I purchased a Computer with Windows VISTA. Trying to install a Linksys WUSB54GC adapter for internet connection. The adapter has a VISTA driver that I have downloaded to my C drive. I initially installed the adapter using the driver (XP) from the CD that came with the adapter. The adapter worked and I was able to access the internet. When I tried to update the driver to the VISTA version, I got a message that I had to remove old driver before installing new driver. I did, but the new driver won't install - Infact when I saved the driver to my c driver and tried to install it, it said it was a zip file and unzipped to the linksys driver file. Now I can't even reinstall the XP driver. 

Where did I go wrong.


----------



## Compiler (Oct 11, 2006)

Trusted that vista would work.

Not your fault - but vista is very new, and M$ has screwed things up with everyone - making driver development several times harder than those made for XP. This is their DRM crap causing problems for both hardware and software.

Try this:
1 - remove the wireless device.
2 - uninstall ANY linksys drivers (vista/xp) anything.
3 - reboot and try again.

In WIN98 days - easy fix was reboot in SAFE MODE - remove device from device manager and it would have to redetected it again.

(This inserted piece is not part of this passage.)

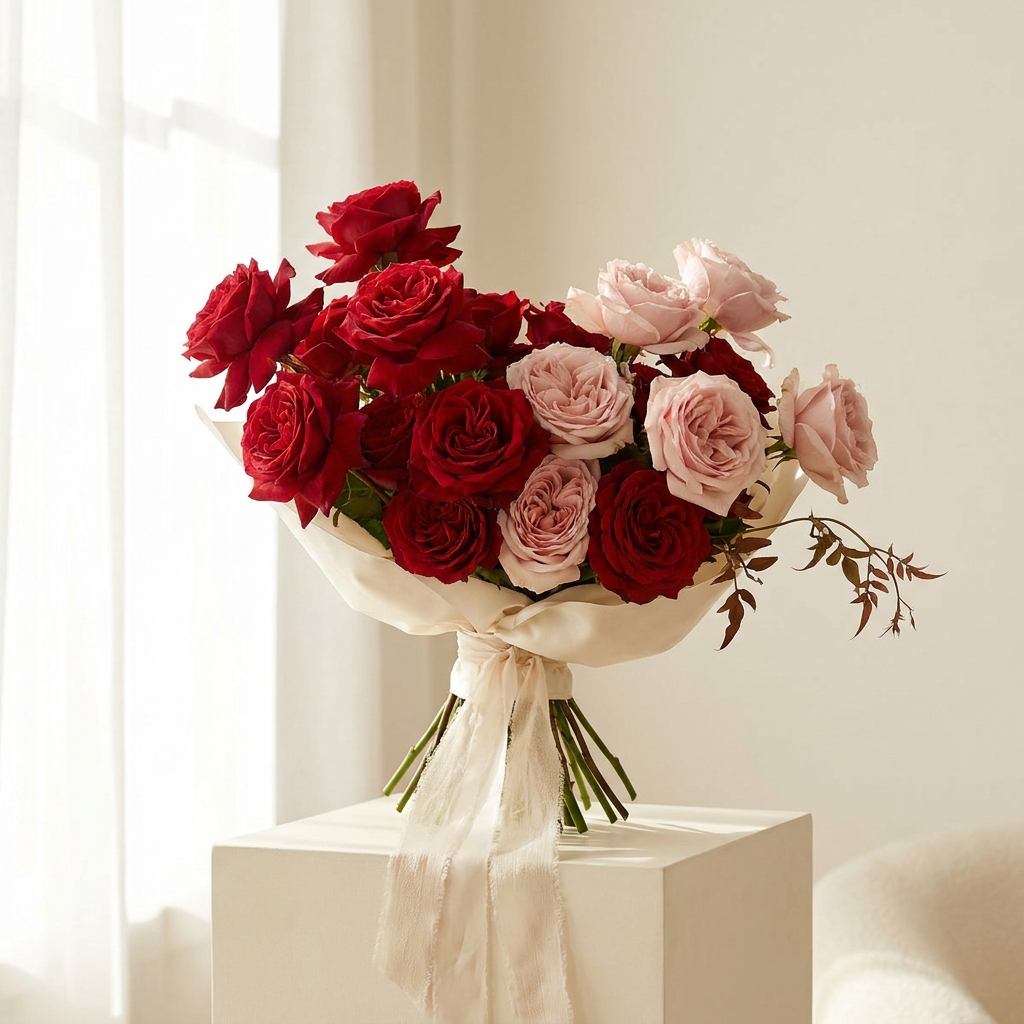 Red And Pink Blush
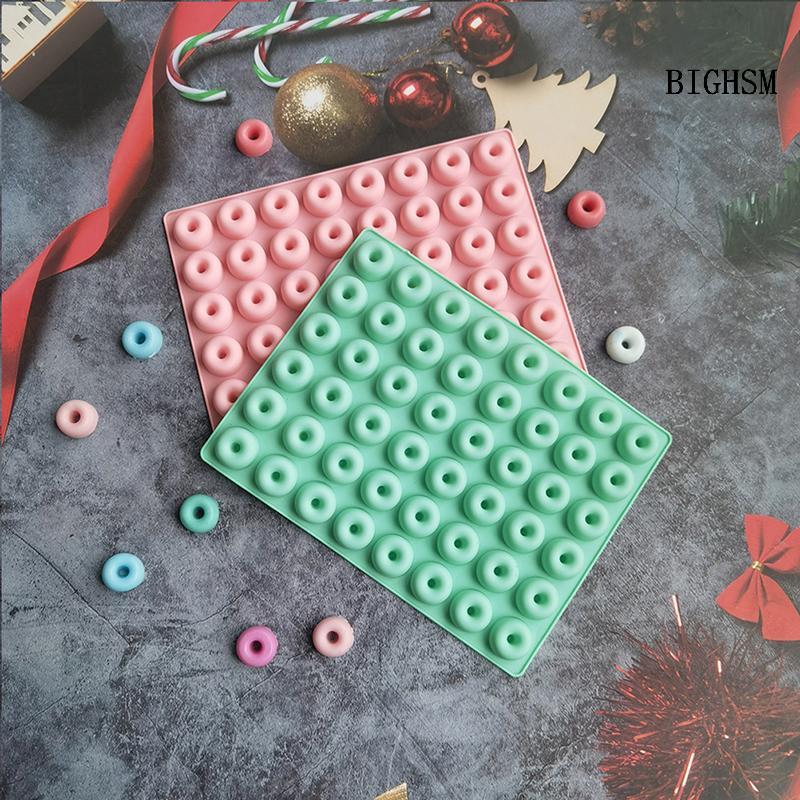 BIGHSM Mini Donut Chảo Khuôn 48 Khoang Silicon Nhỏ Donut Khuôn Muffin Cho Khay Nướng Khuôn Làm Bánh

What does it SAY/do when you try to re-install?


----------



## rwbrostrom (Mar 20, 2007)

It shows that the adapter has been removed. Then I reboot and reinstall. When it tells me to connect the adapter to the USB port a message pops up saying that Windows does not recognize the device.


----------



## Compiler (Oct 11, 2006)

contact the manufacture of the device... they are your best bet.


----------